You said that Cell is great doing AA
Compared to what?
- I said it can do AA and flexibility is a benefit.
- I said the 360 does not have a real technical advantage regarding anti-aliasing.
I didn't say anything with regard to performance vs the RSX, however I can imagine this flexibility to provide for potentially big benefits and this approach to be used efficiently together with other deferred rendering techniques.
Any programable processor is more flexible than fixed function, but it doesn't means that is practical (ATI R520 is an example of a debacle due to not using fixed function to do AA resolve)
Regarding to 360-PS3 AA: http://forum.beyond3d.com/showthread.php?t=46241
RSX - The relation to the G7x series would mean that the ROPs are capable of handling 2 multisamples per pixel per cycle. Basically, in a bandwidth unlimited scenario, 2xMSAA or Quincunx is free. But do note that the double pumped Z-only fill rate is only effective without MSAA and that this can be important for certain effects such as rendering shadows; with 2xMSAA the z-only fill rate falls in line with the colour fill rate.

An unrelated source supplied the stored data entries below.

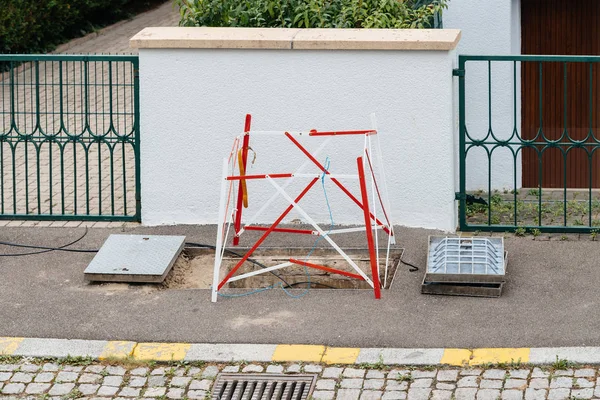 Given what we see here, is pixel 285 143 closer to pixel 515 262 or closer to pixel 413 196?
pixel 413 196

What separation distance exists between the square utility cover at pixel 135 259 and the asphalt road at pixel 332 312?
13 cm

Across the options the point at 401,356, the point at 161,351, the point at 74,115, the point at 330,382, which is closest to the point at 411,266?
the point at 401,356

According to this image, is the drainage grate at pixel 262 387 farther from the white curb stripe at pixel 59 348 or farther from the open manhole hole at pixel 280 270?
the open manhole hole at pixel 280 270

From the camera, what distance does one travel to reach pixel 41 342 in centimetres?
807

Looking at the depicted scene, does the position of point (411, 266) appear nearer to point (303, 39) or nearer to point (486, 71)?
point (303, 39)

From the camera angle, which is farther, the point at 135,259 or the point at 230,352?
the point at 135,259

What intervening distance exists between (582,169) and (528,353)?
6.45m

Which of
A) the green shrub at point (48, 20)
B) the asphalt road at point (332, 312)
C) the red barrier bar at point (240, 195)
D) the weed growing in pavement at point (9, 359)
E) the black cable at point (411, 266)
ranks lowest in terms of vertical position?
the weed growing in pavement at point (9, 359)

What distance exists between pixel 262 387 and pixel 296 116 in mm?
3380

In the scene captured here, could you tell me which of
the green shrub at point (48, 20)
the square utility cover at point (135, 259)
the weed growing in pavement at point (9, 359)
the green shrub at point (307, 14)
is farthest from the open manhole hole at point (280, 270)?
the green shrub at point (48, 20)

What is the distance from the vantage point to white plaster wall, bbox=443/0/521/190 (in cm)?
1304

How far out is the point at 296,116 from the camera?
10.3m

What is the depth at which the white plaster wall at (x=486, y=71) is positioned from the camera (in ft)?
42.8

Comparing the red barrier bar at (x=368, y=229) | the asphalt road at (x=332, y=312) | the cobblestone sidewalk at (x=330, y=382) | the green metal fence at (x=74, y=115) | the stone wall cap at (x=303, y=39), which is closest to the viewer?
the cobblestone sidewalk at (x=330, y=382) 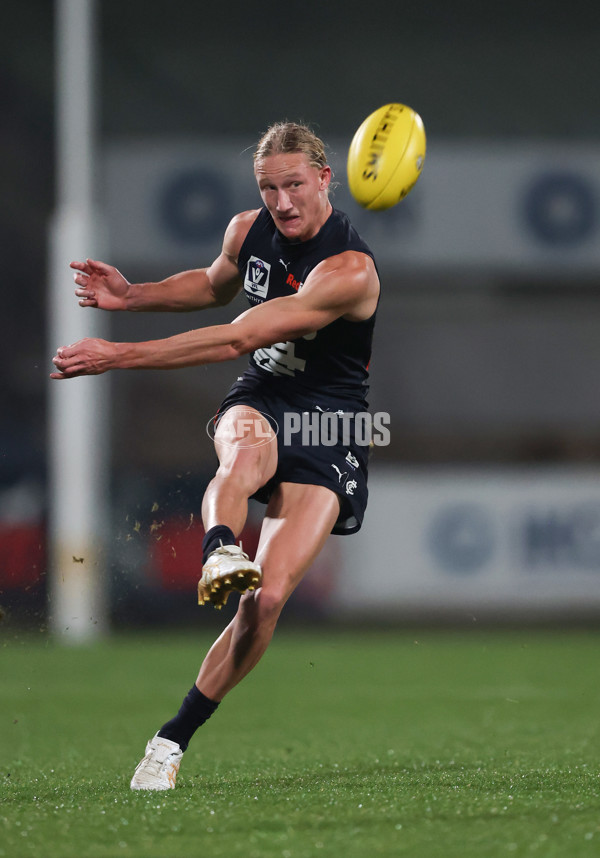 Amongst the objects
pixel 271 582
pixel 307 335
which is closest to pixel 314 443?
pixel 307 335

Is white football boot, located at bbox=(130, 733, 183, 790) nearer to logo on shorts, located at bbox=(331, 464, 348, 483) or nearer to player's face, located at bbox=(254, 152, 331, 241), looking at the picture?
logo on shorts, located at bbox=(331, 464, 348, 483)

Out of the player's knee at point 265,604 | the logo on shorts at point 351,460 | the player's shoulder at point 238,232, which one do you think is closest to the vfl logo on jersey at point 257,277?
the player's shoulder at point 238,232

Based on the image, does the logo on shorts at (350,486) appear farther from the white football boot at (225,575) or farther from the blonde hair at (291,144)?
the blonde hair at (291,144)

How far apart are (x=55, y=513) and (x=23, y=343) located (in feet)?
17.3

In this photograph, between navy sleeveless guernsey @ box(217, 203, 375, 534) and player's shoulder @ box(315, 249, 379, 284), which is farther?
navy sleeveless guernsey @ box(217, 203, 375, 534)

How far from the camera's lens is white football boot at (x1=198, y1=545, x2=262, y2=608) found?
362 cm

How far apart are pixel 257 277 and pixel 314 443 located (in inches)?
25.3

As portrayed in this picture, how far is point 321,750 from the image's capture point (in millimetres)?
5238

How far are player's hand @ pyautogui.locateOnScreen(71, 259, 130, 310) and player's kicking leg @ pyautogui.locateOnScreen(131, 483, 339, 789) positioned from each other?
1.00 meters

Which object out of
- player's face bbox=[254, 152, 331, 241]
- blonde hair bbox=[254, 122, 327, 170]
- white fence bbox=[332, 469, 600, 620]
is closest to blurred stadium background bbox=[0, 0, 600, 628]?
white fence bbox=[332, 469, 600, 620]

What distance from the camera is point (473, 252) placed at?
12.1m

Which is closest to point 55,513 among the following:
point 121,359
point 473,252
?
point 473,252

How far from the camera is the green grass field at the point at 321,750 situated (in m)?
3.15

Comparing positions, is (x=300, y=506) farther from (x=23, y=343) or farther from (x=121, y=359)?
(x=23, y=343) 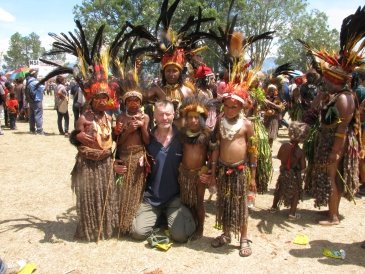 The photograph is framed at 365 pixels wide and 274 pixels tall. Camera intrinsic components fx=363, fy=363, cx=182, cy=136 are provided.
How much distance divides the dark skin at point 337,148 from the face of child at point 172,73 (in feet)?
6.40

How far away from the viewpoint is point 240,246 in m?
4.02

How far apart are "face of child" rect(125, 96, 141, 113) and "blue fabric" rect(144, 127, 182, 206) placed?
424 millimetres

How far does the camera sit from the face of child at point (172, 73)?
4996 millimetres

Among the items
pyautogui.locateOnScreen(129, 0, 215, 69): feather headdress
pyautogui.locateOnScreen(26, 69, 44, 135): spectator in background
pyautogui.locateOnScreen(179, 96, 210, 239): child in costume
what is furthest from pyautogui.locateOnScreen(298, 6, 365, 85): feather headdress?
→ pyautogui.locateOnScreen(26, 69, 44, 135): spectator in background

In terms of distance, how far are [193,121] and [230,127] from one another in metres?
0.46

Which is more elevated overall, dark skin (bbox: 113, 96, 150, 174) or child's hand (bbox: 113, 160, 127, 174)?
dark skin (bbox: 113, 96, 150, 174)

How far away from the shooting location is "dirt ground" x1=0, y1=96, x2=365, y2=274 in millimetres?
3664

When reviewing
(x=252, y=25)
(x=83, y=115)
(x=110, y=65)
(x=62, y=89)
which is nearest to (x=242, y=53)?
(x=110, y=65)

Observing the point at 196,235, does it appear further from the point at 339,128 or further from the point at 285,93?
the point at 285,93

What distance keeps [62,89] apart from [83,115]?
301 inches

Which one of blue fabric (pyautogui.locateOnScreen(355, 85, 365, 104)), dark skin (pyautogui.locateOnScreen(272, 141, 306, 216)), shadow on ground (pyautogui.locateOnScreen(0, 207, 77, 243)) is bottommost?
shadow on ground (pyautogui.locateOnScreen(0, 207, 77, 243))

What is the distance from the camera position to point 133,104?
13.4 ft

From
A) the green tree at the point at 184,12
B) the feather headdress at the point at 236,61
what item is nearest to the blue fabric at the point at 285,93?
the feather headdress at the point at 236,61

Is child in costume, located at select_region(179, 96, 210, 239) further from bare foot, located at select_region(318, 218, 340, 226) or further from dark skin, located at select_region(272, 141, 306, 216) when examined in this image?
bare foot, located at select_region(318, 218, 340, 226) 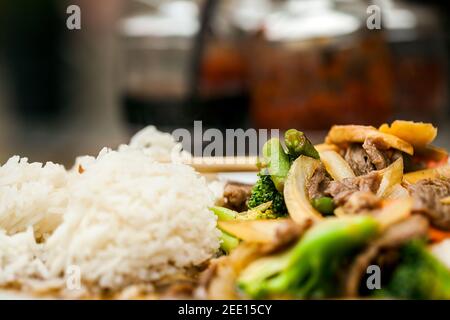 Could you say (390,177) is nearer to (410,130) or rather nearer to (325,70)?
(410,130)

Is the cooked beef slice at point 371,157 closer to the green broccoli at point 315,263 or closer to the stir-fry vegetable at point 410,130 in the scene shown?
the stir-fry vegetable at point 410,130

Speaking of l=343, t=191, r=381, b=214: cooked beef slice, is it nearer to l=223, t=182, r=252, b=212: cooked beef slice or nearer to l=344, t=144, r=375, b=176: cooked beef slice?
l=344, t=144, r=375, b=176: cooked beef slice

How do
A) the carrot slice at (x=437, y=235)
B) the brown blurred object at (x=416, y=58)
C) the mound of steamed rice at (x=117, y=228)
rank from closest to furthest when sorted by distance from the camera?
the carrot slice at (x=437, y=235), the mound of steamed rice at (x=117, y=228), the brown blurred object at (x=416, y=58)

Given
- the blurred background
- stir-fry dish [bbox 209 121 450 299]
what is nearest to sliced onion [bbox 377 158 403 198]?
stir-fry dish [bbox 209 121 450 299]

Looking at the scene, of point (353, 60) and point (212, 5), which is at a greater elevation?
point (212, 5)

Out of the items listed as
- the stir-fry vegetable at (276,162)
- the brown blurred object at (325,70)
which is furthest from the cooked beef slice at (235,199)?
the brown blurred object at (325,70)

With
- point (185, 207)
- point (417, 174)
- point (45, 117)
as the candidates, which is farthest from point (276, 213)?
point (45, 117)

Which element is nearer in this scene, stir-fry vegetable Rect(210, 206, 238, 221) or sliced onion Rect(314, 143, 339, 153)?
stir-fry vegetable Rect(210, 206, 238, 221) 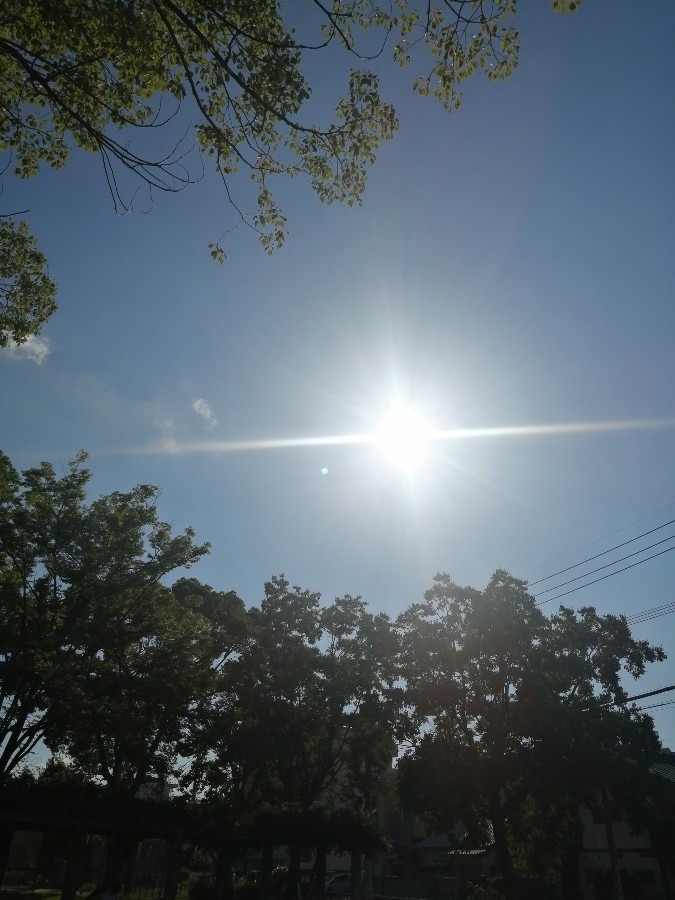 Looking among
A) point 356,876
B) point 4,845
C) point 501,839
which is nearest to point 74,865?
point 4,845

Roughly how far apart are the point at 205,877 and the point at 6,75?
113 feet

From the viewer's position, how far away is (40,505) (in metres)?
19.4

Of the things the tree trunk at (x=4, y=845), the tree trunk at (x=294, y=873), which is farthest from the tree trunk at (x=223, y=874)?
the tree trunk at (x=4, y=845)

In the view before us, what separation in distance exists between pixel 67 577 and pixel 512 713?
51.7 feet

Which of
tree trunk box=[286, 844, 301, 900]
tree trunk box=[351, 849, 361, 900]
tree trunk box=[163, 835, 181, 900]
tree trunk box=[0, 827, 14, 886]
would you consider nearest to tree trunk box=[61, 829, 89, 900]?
tree trunk box=[0, 827, 14, 886]

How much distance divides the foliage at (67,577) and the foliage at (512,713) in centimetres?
1090

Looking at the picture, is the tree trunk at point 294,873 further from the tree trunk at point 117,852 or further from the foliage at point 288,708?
the tree trunk at point 117,852

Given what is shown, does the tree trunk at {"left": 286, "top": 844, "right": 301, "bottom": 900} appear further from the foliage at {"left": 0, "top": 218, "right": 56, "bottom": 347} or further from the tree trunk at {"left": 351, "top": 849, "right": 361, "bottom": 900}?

However, with the use of multiple render targets or higher resolutions, the 22GB/s is very much a concern for framebuffer bandwidth. 4xMSAA would be very costly to fillrates, halving the rates compared to 2xMSAA and also doubling memory bandwidth consumption since the framebuffers scale linearly.
Xenos - As noted in the B3D article, the ROPs are designed to handle 4 multisamples per pixel per cycle. All fill rates are full speed, and the Z-only fill rate is also double pumped.
RSX is a fillrate/bandwidth starved chip. That's the reason why in some cases PS3 games have a blur filter instead of AA, because a blur filter is more compute intensive than bandwidth intensive. You can't help it's bandwidth problems doing AA resolve on a SPU.